LIFE-WORK ENDED?

‘It is his (Buchman's) and the Board's purpose’, record the Ministerium's minutes for June 1905, ‘to actualise as nearly as possible the Christian family life, with all its comforts, refinements and wholesome influences.’ Nor, at this stage, did either Buchman or the Ministerium consider economic self-sufficiency critical. Although it was hoped to make the hospice self-sustaining, the minutes went on, ‘its very purpose might be defeated were an effort made to make it altogether so ... The deficit... will have to be covered from the Treasury of the society.’ The Ministerium had rented premises for this first Luther Hospice for Young Men at 157 N 20th Street for $2,000 a year, a sum which, in fact, made breaking even virtually impossible.

That was the understanding on which Buchman took the job of ‘housefather’, at $600 a year, with ‘general charge of the house in material and spiritual things under the direction of the Board’.35 Unfortunately, the chairman of the Board, Dr J. F. Ohl, was determined that the hospice should make the balancing of its books a priority and, indeed, regarded fund-raising as one of the housefather's principal jobs. Although he had, as Superintendent, been the sole signatory of the original terms of reference as set out in the minutes, it soon became clear that, so far as he was concerned, they might never have existed. Ohl was a musician, a liturgical scholar and a student of social movements, and known as a prickly character.

The two men found themselves in disagreement even before the hospice opened. Buchman had rented a cottage at Northfield, where he was taking daily Bible studies, as he did each year, and had invited Mary Hemphill, her sons and some of the young men from the Overbrook Hospiz to attend the Student Conference there with him. He was appointed as from 1 September and, having told the Board that he planned to return to Philadelphia on 26 August in ample time for the opening on 15 September, he was astonished to get a letter from Ohl pressing him to return sooner. It was essential, Ohl wrote, that the hospice should be completely full on the day it opened. Did Buchman not realise the cost if it were not? ‘Furthermore,’ he added, ‘I must point out that the Board does not like the word "Hospice" spelt “Hospiz”.'36 Buchman replied that he could not leave Northfield before the 26th, to which Ohl sent a charitable acquiescence.

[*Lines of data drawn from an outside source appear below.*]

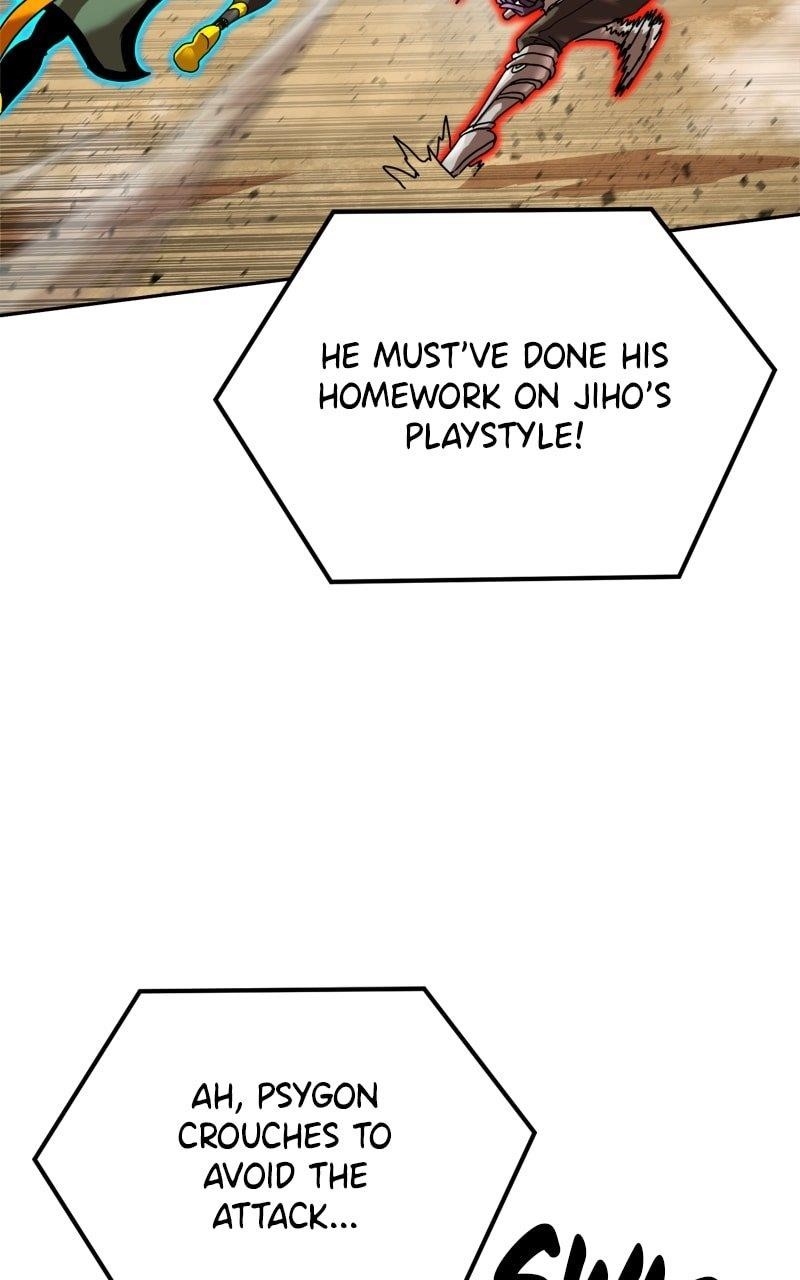 Double Click (PARK Soo-bong) Chapter 198 - Page 33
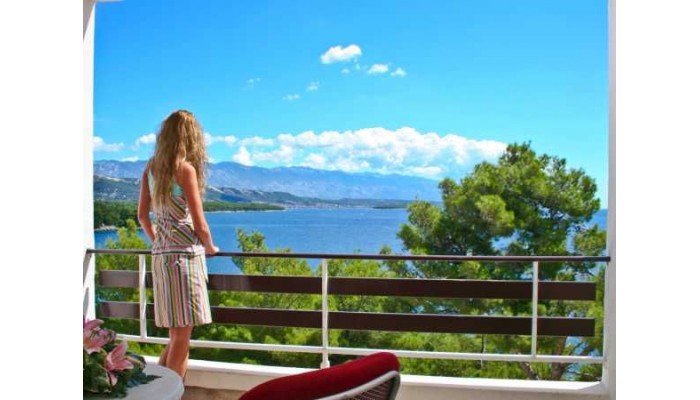 Hotel Carolina poza 1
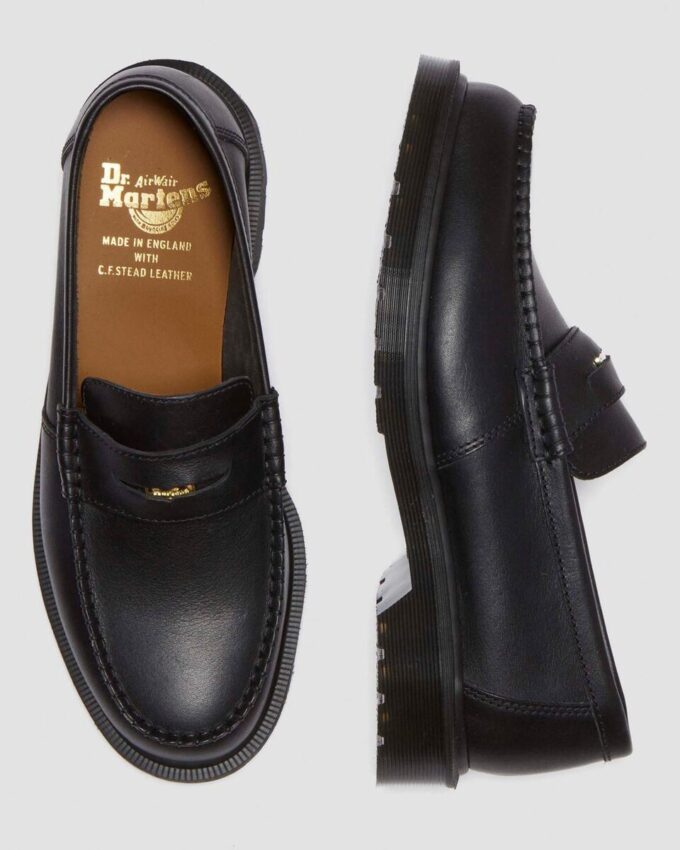 Penton Made in England Leather Loafer Penton Made in England Leather Loafer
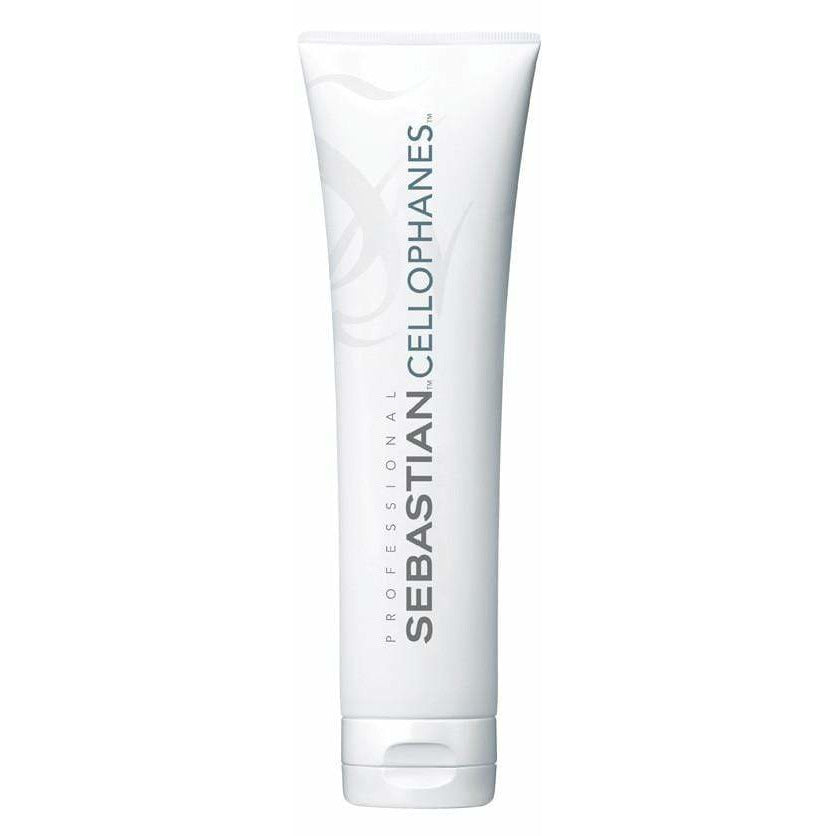 Sebastian Cellophanes Clear - Bohairmia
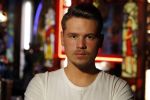 Amsterdam 21 december 2016 
Dave Dekker gefotografeerd voor SBS6 waar ze met een real live soap komen over zijn leven. 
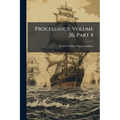 Proceedings, Volume 26, Part 4
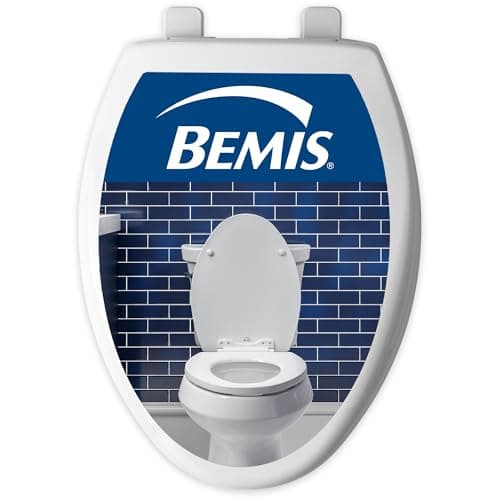 Bemis 170 Toilettensitz im Test: Stabil, Seniorenfreundlich, Solide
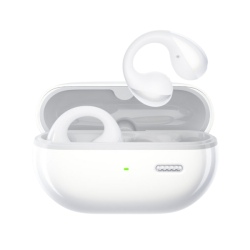 Tai nghe Bluetooth thể thao SoundPEATS Pearlclip Pro - PEARLCHIPPROWH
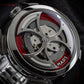 MB&F M.A.D.1 RED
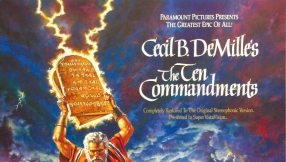 \'The Ten Commandments\' reboot in the works by producers of \'Noah\'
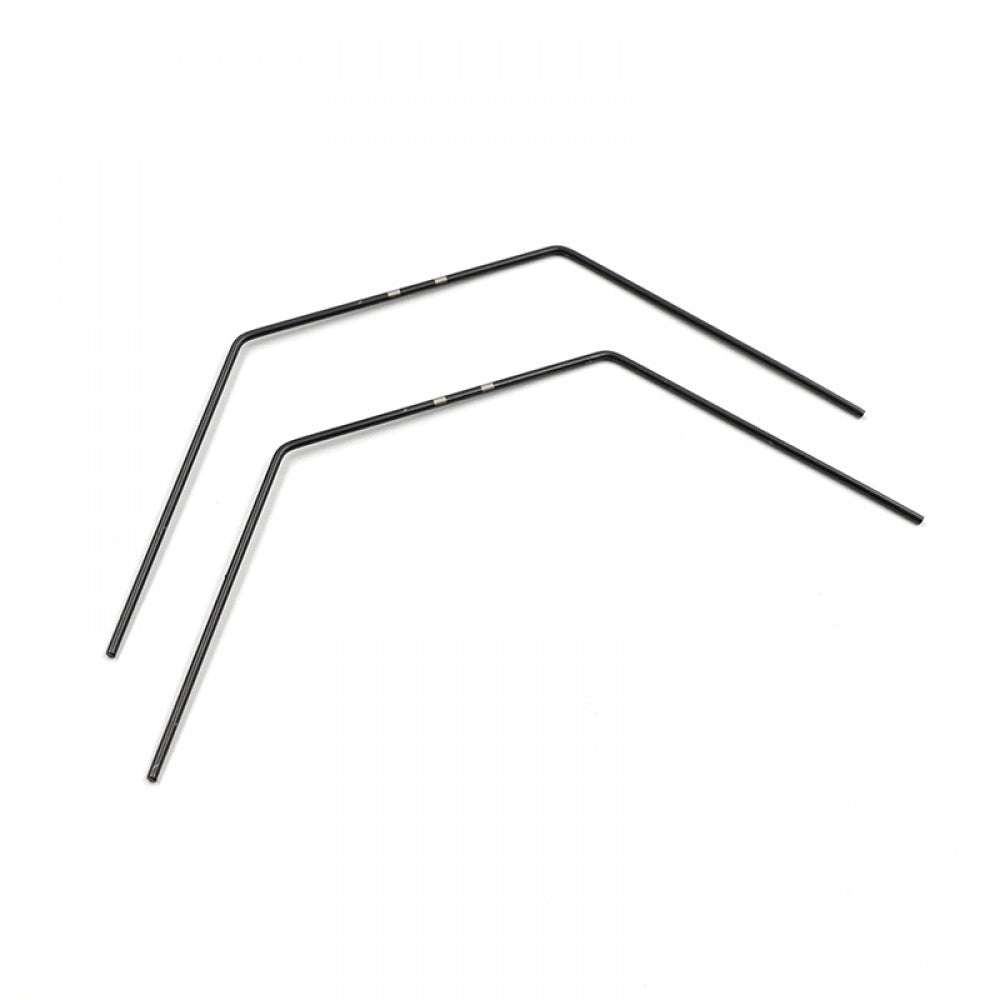 Xpress XP-11014 Anti-Roll Bar 1.2mm F/R 2pcs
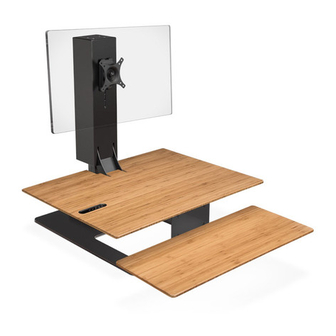 Uplift Desk E7 Electric Instructions Manual
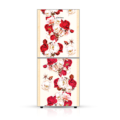 Jamuna 328 L JR-UES632900 Rose Blossom Refrigerator Price In Bangladesh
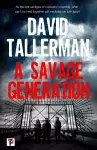 A Savage Generation cover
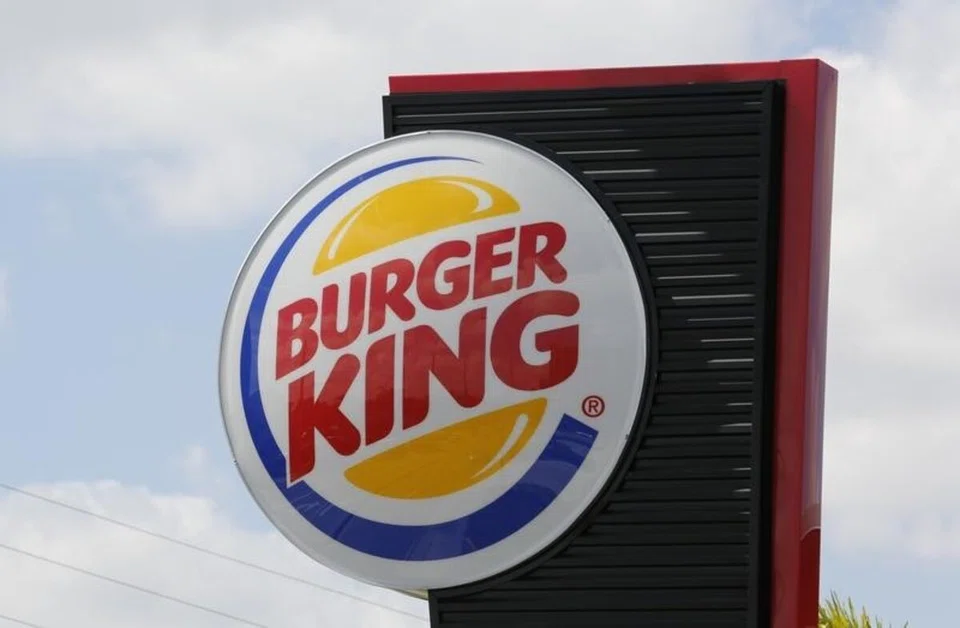 Burger King China will seek to double the chain’s number of restaurants in the country “within five years” and reach more than 4,000 locations by 2035.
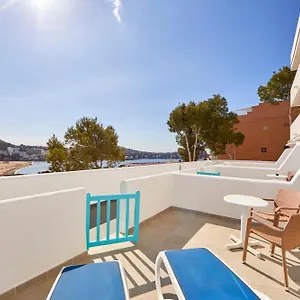 Sun (adults Only) Apartahotel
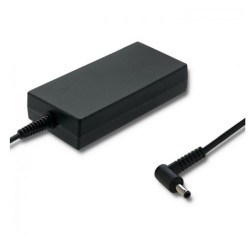 Zasilacz sieciowy Qoltec 51732 do notebooka DELL (19,5 V 6,67 A 130W 4.5 mm x 3 mm)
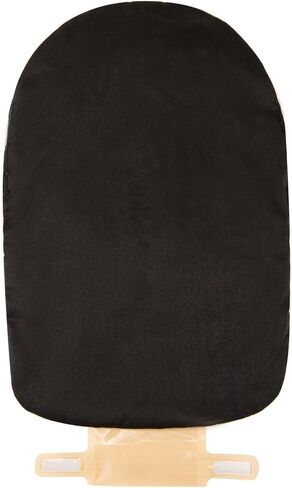 أغطية أكياس الفغرة من FSUHHIAD - أغطية أكياس فغرة القولون المقاومة للماء مع فتحة قابلة للتعديل in Kuwait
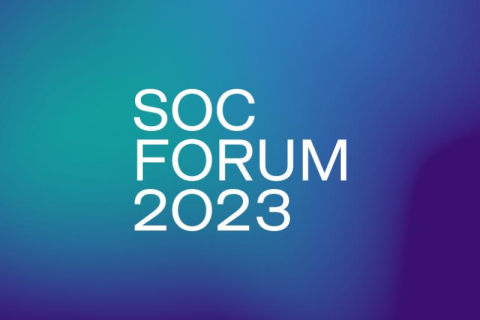 Хакеры и защитники поборются за кибервысотку на SOC-Forum 2023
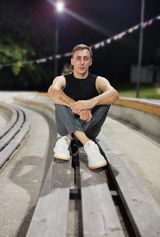 Benutzerfoto Levani89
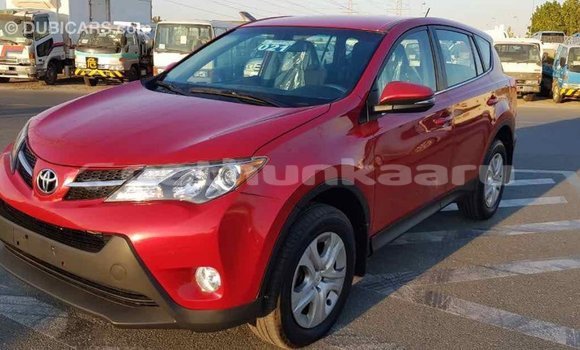 Buy Import Toyota RAV4 Red Car in Import - Dubai in Baa Buy Import Toyota RAV4 Red Car in Import - Dubai in Baa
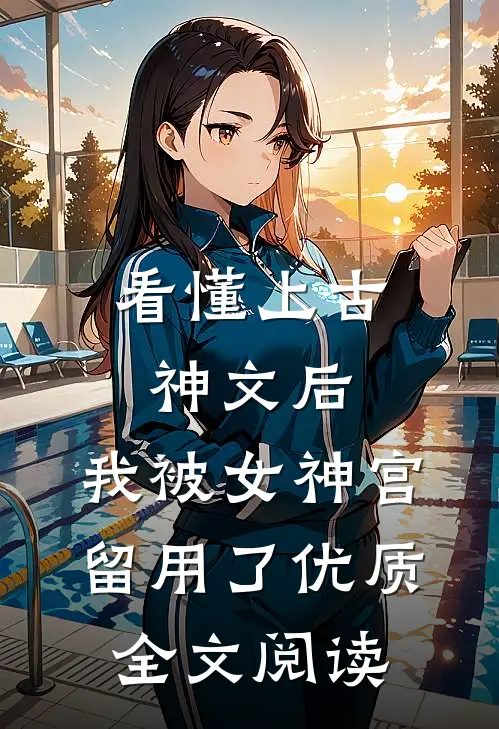 看懂上古神文后，我被女神宫留用了优质全文阅读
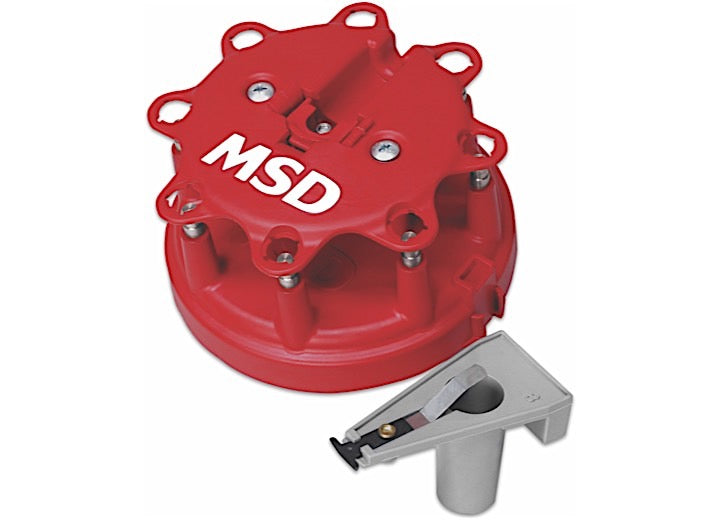 MSD 8450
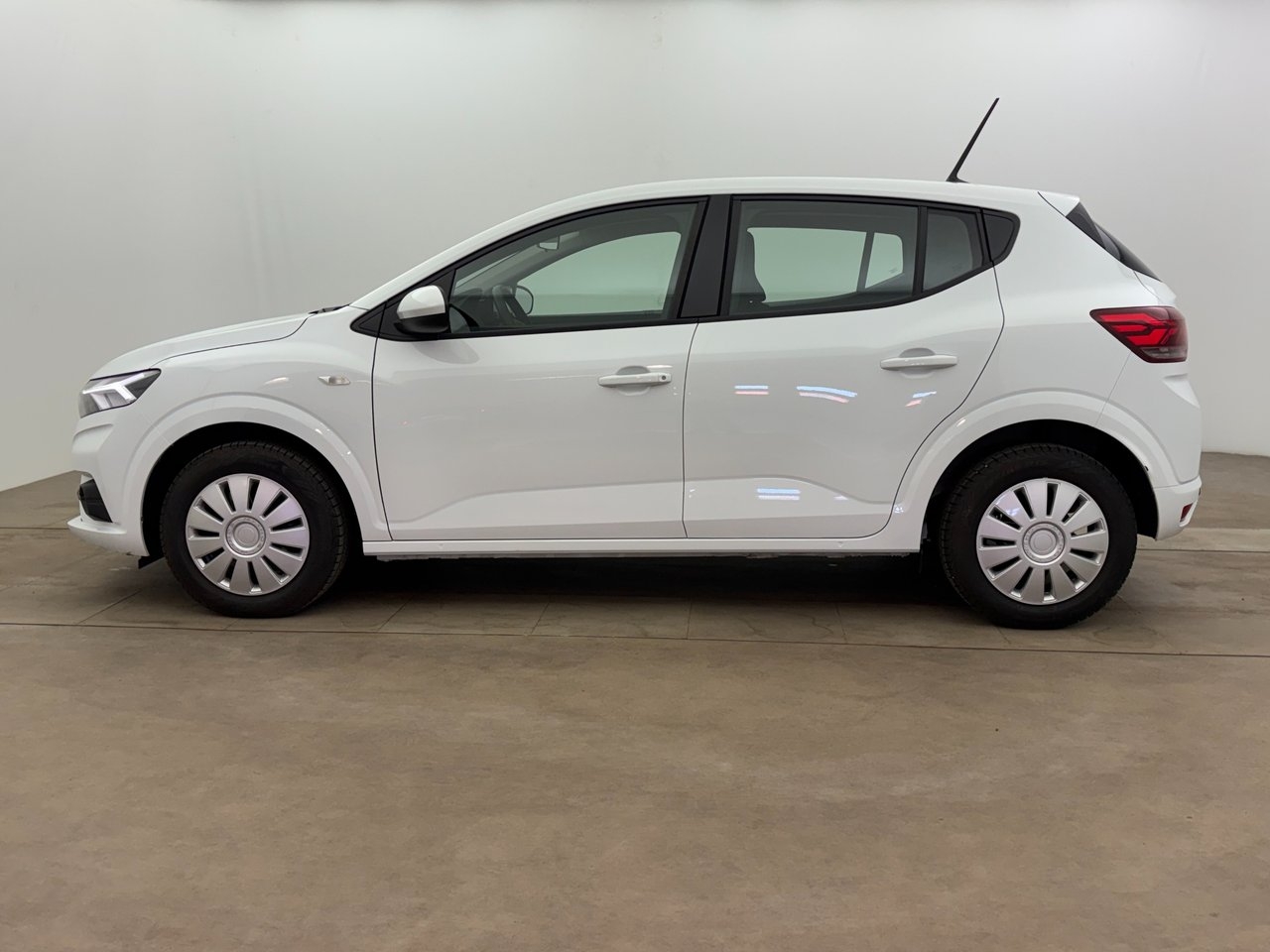 Dacia Sandero 2025, bild 3/10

The new hospice flourished as the old one had done. Buchman chose as housemother an elderly New Englander called Sarah Ward, who was a close family friend of Dwight Moody and whom Buchman had first met at Northfield. Between them, Buchman and Miss Ward managed to create an atmosphere which was both homely and friendly.

‘I believe I was expected, but certainly not that night,’ wrote one college student who stayed there for a summer. ‘Practically everyone had gone to bed; Mr Buchman had, I know. He was up immediately, however, and welcomed me in his dressing-gown as warmly as an old friend. I had scarcely been an hour in the town before I felt as much at home as in any place outside my native city.’